By using ETFs as the core of a portfolio, investors can ensure a baseline level of diversification before they start dabbling with individual stock picks.
If you’re a beginner when it comes to ETF investing, then this guide is for you. You’ll learn all there is to know about how to buy ETFs in Canada in a step-by-step manner to set you up for success.
What is an ETF?
Exchange-traded funds (ETFs) are open-ended funds that pool the capital of investors to purchase a basket of various underlying securities. Shares of this basket then trade throughout the day on exchanges like stocks do.
Whereas the net asset value (NAV) of a mutual fund is only calculated once a day, ETF prices fluctuate throughout the day as investors buy and sell.1 On the back end, the ETF sponsor and authorized participant work together to ensure ETF shares can be created and redeemed as necessary.3
Now, ETFs come in many different types. There’s no official taxonomy of ETFs, but a good way to distinguish between them is based on their geography, asset class, and management style:
- Geography: This refers to the country that the ETF’s underlying assets originate from. For example, an ETF might hold Canadian bonds or Chinese stocks.
- Asset class: This refers to what type of assets the ETF holds – stocks, bonds, cash, commodities, cryptocurrencies, or even derivatives.
- Management style: This refers to the methodology by which the ETF picks, weights, and manages its underlying holdings. Passive ETFs track an external index like the S&P 500. Active ETFs use proprietary strategies to try and outperform a benchmark. “Smart Beta” or “Factor” ETFs fall in the middle and use pre-determined quantitative screeners to select stocks.
For example, consider the popular Vanguard S&P 500 Index ETF (TSX: VFV). This ETF would be classified as a U.S. (geography) equity (asset class) passive index (management style) ETF.
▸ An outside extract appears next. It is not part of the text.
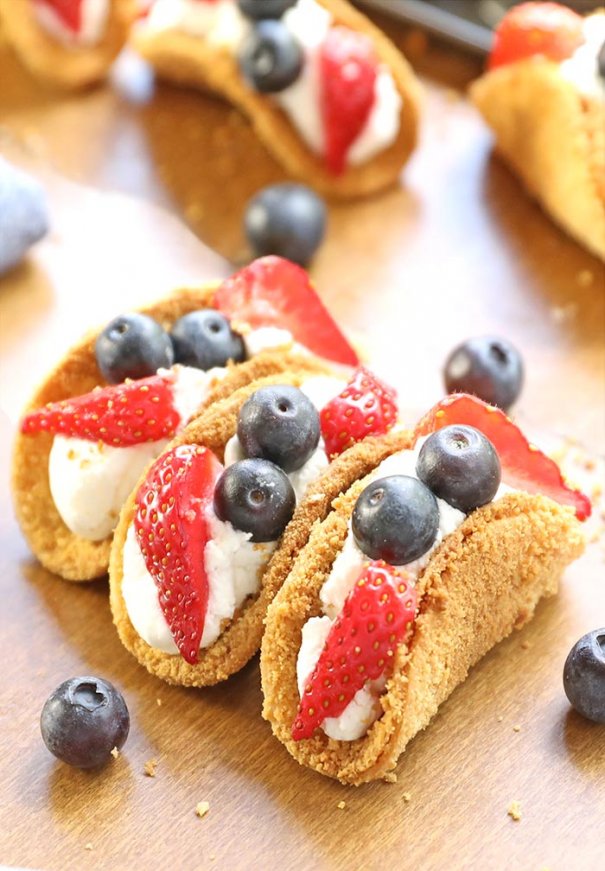 Summer Berry Cheesecake Tacos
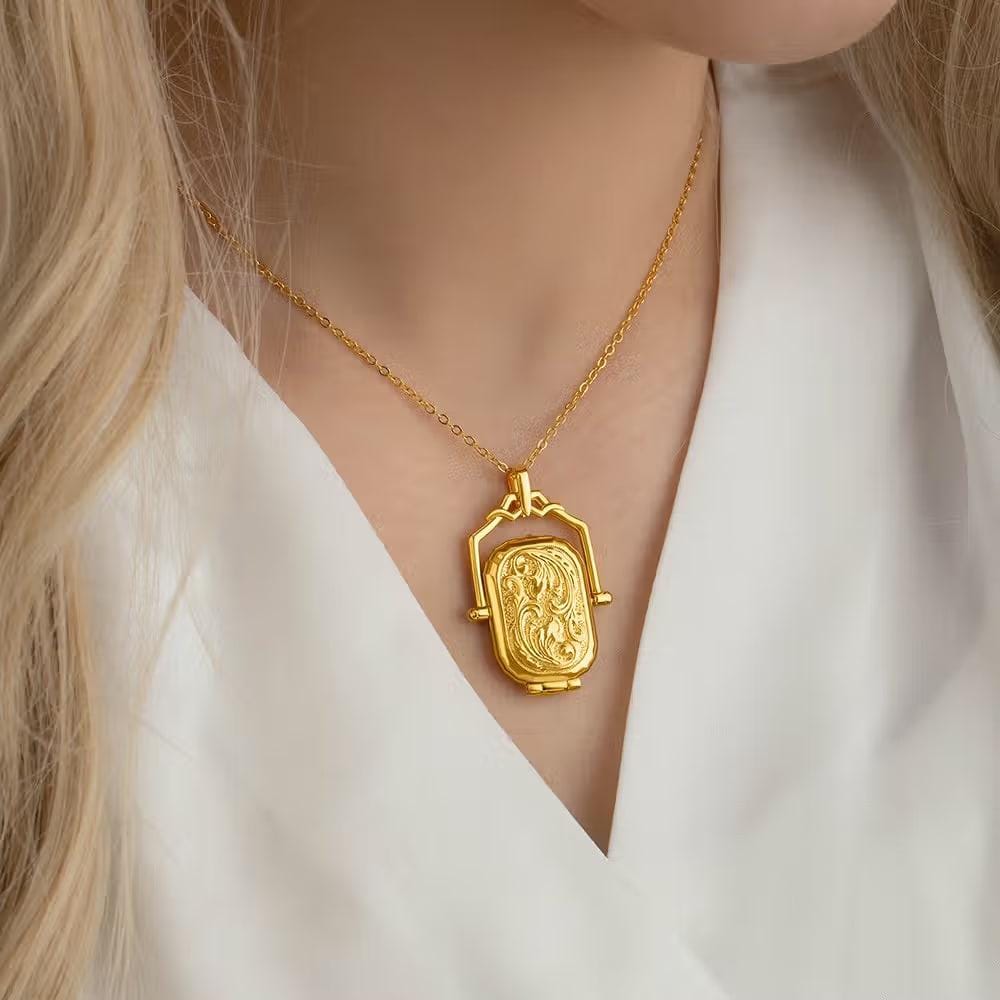 Antique Style Photo Locket Necklace with Name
How to invest in ETFs in Canada
Investing in ETFs for the first time as a Canadian can seem overwhelming, but it doesn’t have to be. By following these steps, investors can ensure they do their due diligence and avoid making rash or irrational investment decisions.
1. Open a brokerage account
Because ETFs trade on exchanges like stocks do, the first step is to open a brokerage account. This can be a tax-free savings account (TFSA), registered retirement savings plan (RRSP), or taxable personal account.
Be sure to pick the one best suited to your personal finances and be aware of contribution limits. Our list of top brokerages in Canada is a good place to get some ideas on which broker is right for you.
If you have a financial advisor, they may also be licensed to trade ETFs on your behalf.
2. Determine your asset allocation
Different types of ETFs come with different risk/return profiles, especially when it comes to asset classes. For example, stocks tend to be more volatile than bonds, but generally have better performance over long periods of time. Determining the right proportions of each asset to hold relative to another in your portfolio is called asset allocation.
To determine your asset allocation, investors should answer the following questions honestly:
- What is the objective I am investing for? (e.g., retirement, down payment, tuition).
- What is my risk tolerance? (e.g., what percentage of an unrealized loss within your portfolio you are willing to potentially endure).
- What is my time horizon? (e.g., how long will it be before you need to withdraw the money)
There’s no generic answer to the above, but in general, as your objectives, risk tolerance, and time horizon gets lower, your portfolio’s risk should as well. This usually means a heavier allocation to bond or cash ETFs.
3. Research ETFs in depth
A great way to start is via online screening services. These services allow you to filter for ETFs by various criteria, such as their asset class, geography, management style, fees, and themes. If you have a specific ETF provider in mind, their website may also offer screeners for their own ETFs.
After you have a prospective list of ETFs narrowed down, its time to dive deep. Start with the “ETF Facts” sheet, which provides a basic high-level overview of the ETF’s objectives, top holdings, fees, historical returns and volatility, and overall risk level. This is a great way to assess at a glance whether or not an ETF will be suitable for your portfolio.
If you like what you see, consider diving deeper by examining the ETF’s prospectus, which outlines in detail how the ETF is managed along with detailed statements on possible risks. ETFs will also release periodic management commentary reports, so give those a read too if you want up-to-date professional insights on any ETFs you may be interested in.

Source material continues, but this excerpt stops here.